Retype, word for word, the line holding "Bild 18/18 von" and each line after it down to the end of the data; pictures are not copied.

·····

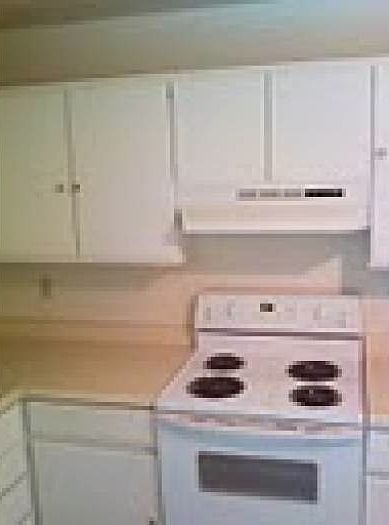 2nd image of 27941 Thornton Ct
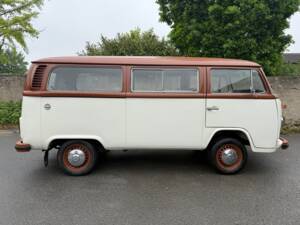 Bild 18/18 von Volkswagen T2b Kleinbus (1979)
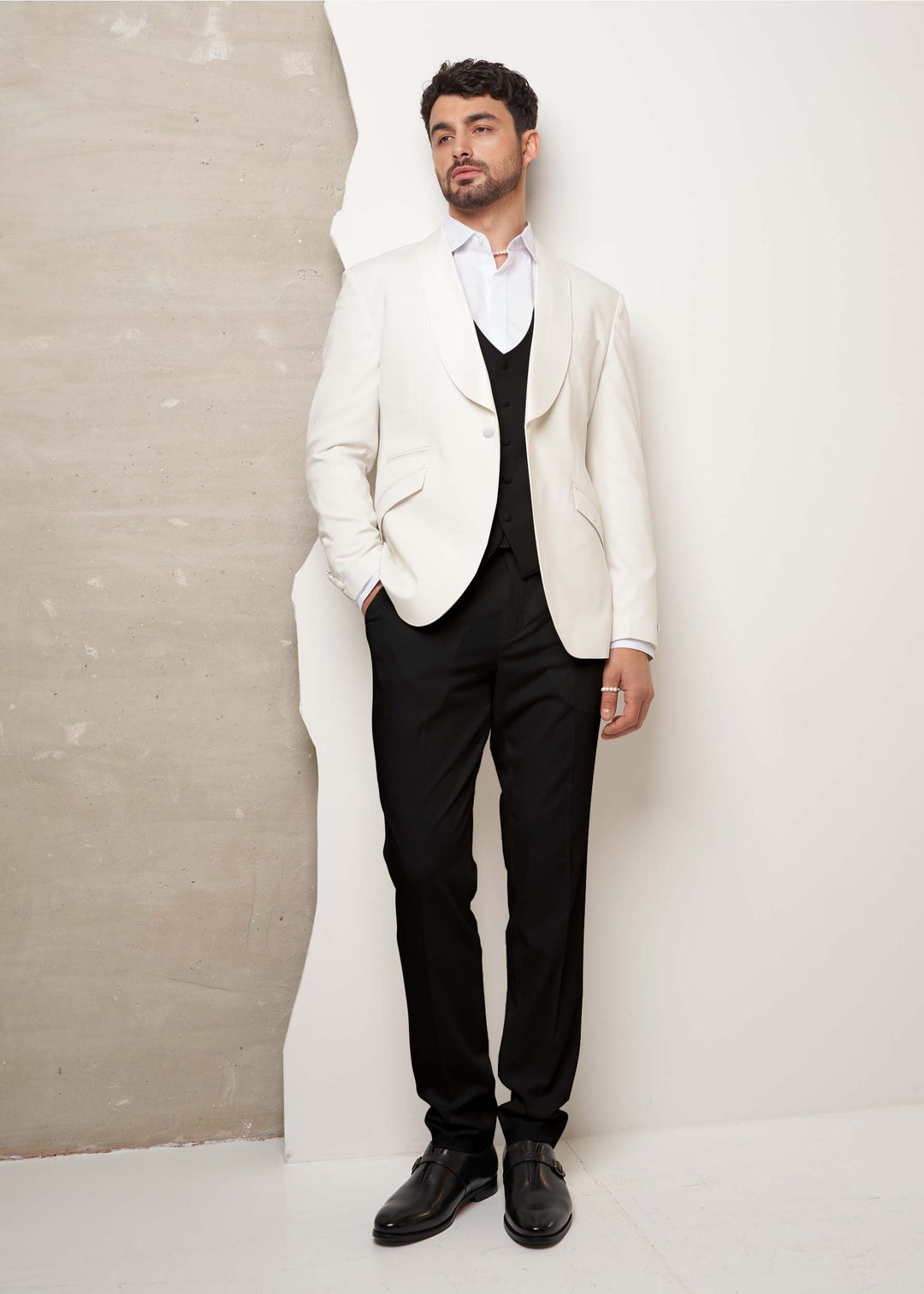 Fashion 3 Pieces Mens Suit Flat Shawl Lapel Tuxedos (Blazer+vest+Pants) mens event wear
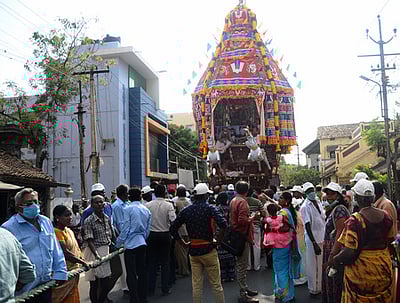 நாகை சௌந்தரராஜப் பெருமாள் கோயில் தேரோட்டம்: திரளான பக்தா்கள் பங்கேற்பு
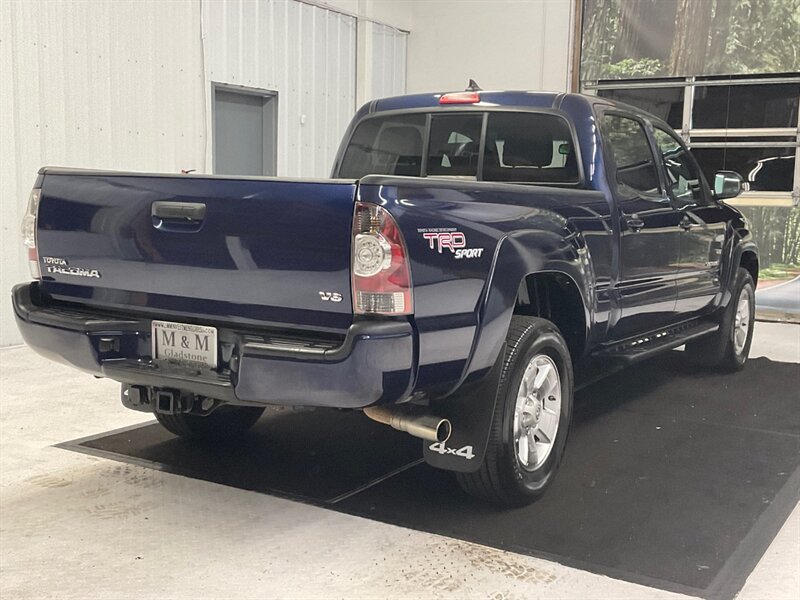 2013 Toyota Tacoma V6 TRD SPORT Double Cab 4X4 / 4.0L V6 / 1-OWNER  / RUST FREE / Navigation & Backup Camera / 104,000 MILES - Photo 7 - Gladstone, OR 97027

·····

TASK ANSWER –
 Bild 18/18 von Volkswagen T2b Kleinbus (1979)
 Fashion 3 Pieces Mens Suit Flat Shawl Lapel Tuxedos (Blazer+vest+Pants) mens event wear
 நாகை சௌந்தரராஜப் பெருமாள் கோயில் தேரோட்டம்: திரளான பக்தா்கள் பங்கேற்பு
 2013 Toyota Tacoma V6 TRD SPORT Double Cab 4X4 / 4.0L V6 / 1-OWNER  / RUST FREE / Navigation & Backup Camera / 104,000 MILES - Photo 7 - Gladstone, OR 97027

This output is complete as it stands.